Ask Al: Checking email addresses against URIBLs?

Scott writes, "I use URIBL lists in SpamAssassin, and these are configured according to their documented purpose (URI checks). I am getting a lot of spam now which spamvertise email addresses, rather than a URI. The bad domain might be in the From: field, or it might be in the message body. Example: 'Contact me at this address xyz@example.com'. These domains are already on RBLs such as URIBL_BLACK. The first question is, do you think this is a valid strategy, and how 'safe'? I can not see any negatives with the spam examples I have received. Second question is, how does one take advantage or URIBL etc to validate email address strings? Google for "spamassassin rhsbl" and you get no useful information."

Wow! That's a great question, and I have absolutely no idea how to answer it. So, I turned to an expert: Steven Champeon. He maintains Enemieslist, a set of over forty thousand patterns for classifying reverse DNS naming conventions.

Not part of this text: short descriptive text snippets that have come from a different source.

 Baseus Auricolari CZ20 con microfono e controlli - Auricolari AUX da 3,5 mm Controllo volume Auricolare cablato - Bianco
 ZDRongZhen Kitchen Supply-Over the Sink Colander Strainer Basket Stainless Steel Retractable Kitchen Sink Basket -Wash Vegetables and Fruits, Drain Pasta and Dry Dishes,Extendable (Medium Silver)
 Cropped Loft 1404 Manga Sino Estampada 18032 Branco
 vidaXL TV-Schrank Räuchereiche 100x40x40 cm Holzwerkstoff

He's a smart guy, and no stranger to using URIBL data in an unconventional manner. Here's what he had to say in response.

Interesting question, Scott. To be right up front about the answer, the URI blocklists I'm familiar with are generally strongly opposed to the use of their data for purposes outside of their stated purview -- to help you filter spam based on URIs in the body -- and their official policy is to discourage such use. That said, I chatted via IM to one of the administrators behind URIBL, and this was his response (loosely paraphrased):

"We don't encourage the use of URIBL data in looking up mailto:s; but we can't prohibit it unless it starts to show up as extraordinary lookup volumes, which could lead us to block whoever is doing the querying. In any case, I can't imagine it would be effective; we aren't adding domains from mailto:s to URIBL, so any successful results would be coincidental at best."

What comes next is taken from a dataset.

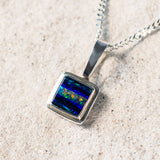 'Horizon' Silver Australian Doublet Opal Necklace Pendant - Black Star Opal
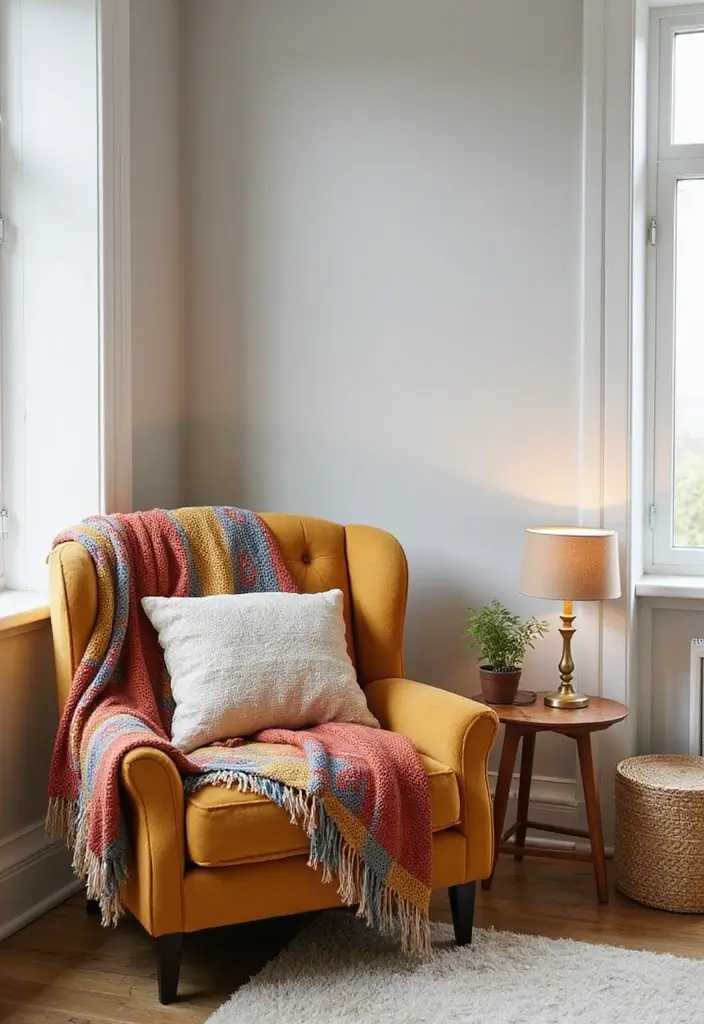 30 Office Nook in Living Room Ideas That Don’t Ruin Your Aesthetic - 2. Cozy Corner Armchair Nook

So, the quick answer is "please don't do that, but we can't stop you, and we'd be surprised if it worked at all."

That said, a few years ago, I implemented some rulesets for my homebrewed sendmail antispam package that look for domains in message headers and look them up in SURBL and URIBL. Specifically, the rule looks for From:, Message-Id, and Reply-To: header contents and extracts domains from them, on the grounds that some spam was getting through with suspected spammer domains in those headers. Jeff Chan from SURBL, when I advised him what I was doing, simply asked me to stop. The URIBL folks were less firmly opposed, but still discouraged the practice. I kept it up, and while my mail flows here aren't anywhere near high enough to cause noticeable load on their servers, it easily quadrupled my query volume without catching much spam I wasn't already catching via other means. A firm believer in the "belt and suspenders" principle, as well as having a typical systems administrator's "if it's not broken, don't touch it" mentality, I kept them in the filters. Let's just call it "data gathering for research purposes". And hey, turns out it might be useful to you in this instance, so there's that.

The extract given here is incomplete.